Aspectos que han sido hegemónicos en las últimas décadas. Características que, sin embargo, en los últimos años, producto de la crisis capitalista y la movilización social, han comenzadoa cuestionarse por izquierda, con movimientos como Ocuppy Wall Street, los indignados y mareas españolas, la plaza Syntagma y muchas otras. Así como por la emergencia incipiente de proyectos culturales contestatarios, desde los más abiertamente militantes a aquellos que sin serlo problematizan sobre la sociedad en la que vivimos.
Cultura globalizadora basada en los mercados, imperialismo cultural
Si hiciéramos una primera definición de este fenómeno precisamente es que es “hijo de su tiempo”, un fenómeno global, surgido en un mundo globalizado y en parte homogeneizado por los mercados, un tiempo marcado por la hegemonía del neoliberalismo. Esta quizás sea una de las primeras cuestiones que lo diferencia de fenómenos culturales anteriores, como el punk o el indie, que aunque gozaron de gran expansión -al menos en los principales centros urbanos-, no llegaron a tener el mismo nivel de difusión masiva que las tendencias hipster, las cuales hoy, gracias a las nuevas tecnologías y medios de comunicación de masas, las grandes maquinarias de marketing masivo, se ha convertido en un fenómeno globalizado.

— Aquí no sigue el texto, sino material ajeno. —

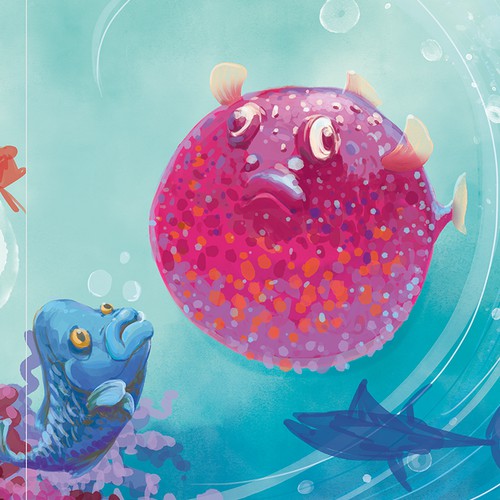 Illustration for the story about a fish that holds her breath in and grows bigger and bigger.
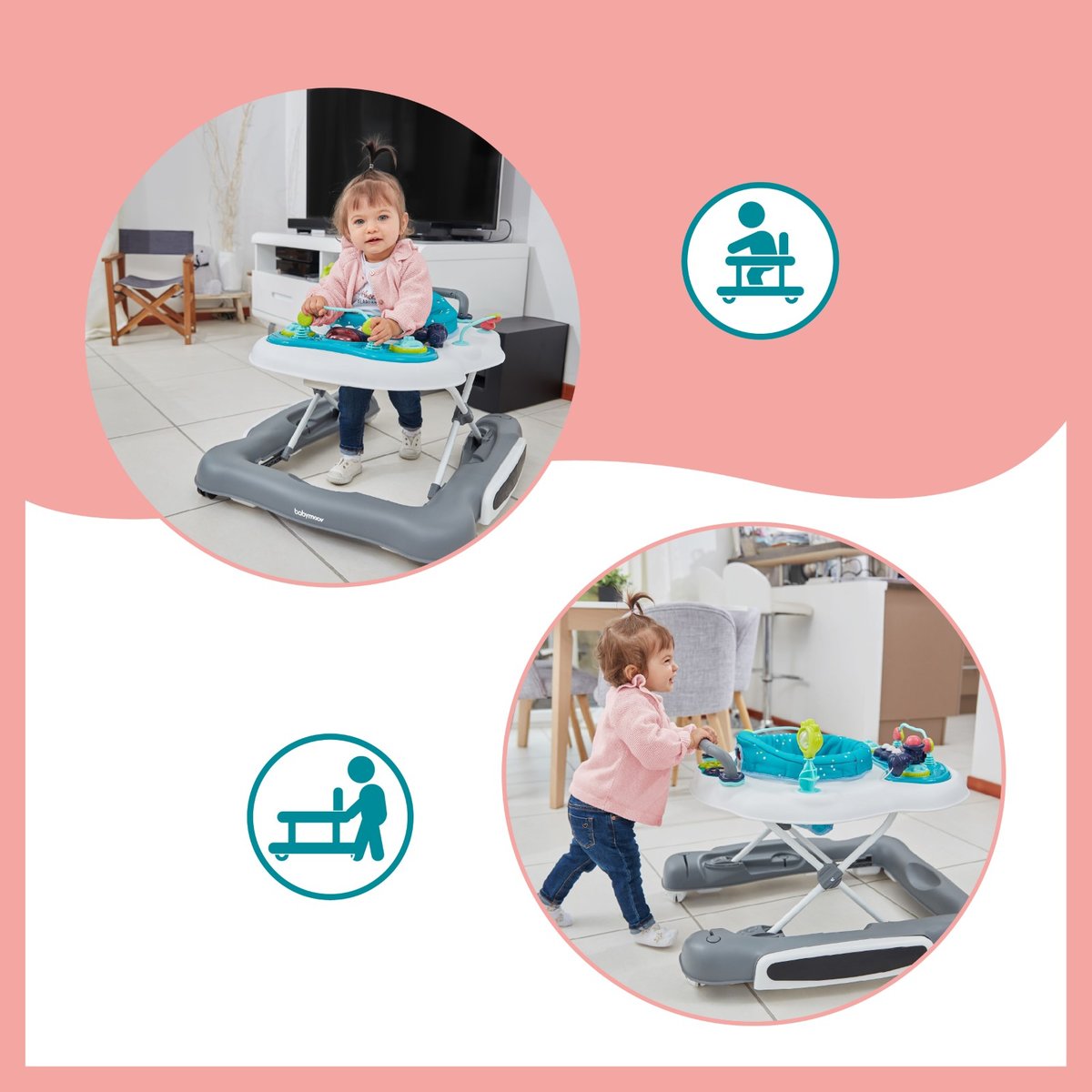 Trotteur Pousseur bébé 5 en 1 bleu, BABYMOOV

En la década de los sesenta surge como novedad en los estados de capitalismo más avanzado lo que algunos han llamado una nueva cultura juvenil con entidad propia, algo que se desarrollará en las siguientes décadas. La particularidad de esta “cultura juvenil” fue que “se convirtió en dominante en las economías desarrolladas de mercado”. Podríamos decir que en pocos años una “nueva cultura” ha colonizado las ciudades de todo el mundo, la publicidad, las cadenas musicales de radio, las revistas culturales y las muestras de arte.
Como define Hobsbawn en su Historia del siglo XX. Se trató de una masa juvenil que asumía y consumía los productos del mercado de una manera mucho más rápida que las generaciones anteriores.
Precisamente esta disposición al consumo, favorecida por las condiciones sociales y económicas de los años de desarrollo económico del boom de la posguerra, fue vista como una “mina de oro” por las aún incipientes industrias del ocio y culturales como la musical, la de la moda, y posteriormente la tecnológica. En este sentido fueron elementos de la cultura dominante norteamericana y sus valores los que fueron generalizados entre los jóvenes de los estados con las economías de mercado capitalistas más desarrolladas. La dominación cultural, en este caso estadounidense, no fue una novedad, aunque sí su modo de implantarse. Dejando atrás el cine como medio de difusión, era ahora la música rock, con sus letras sin traducir, y el uso de los vaqueros lo que comenzó a generalizarse entre jóvenes de todo el mundo.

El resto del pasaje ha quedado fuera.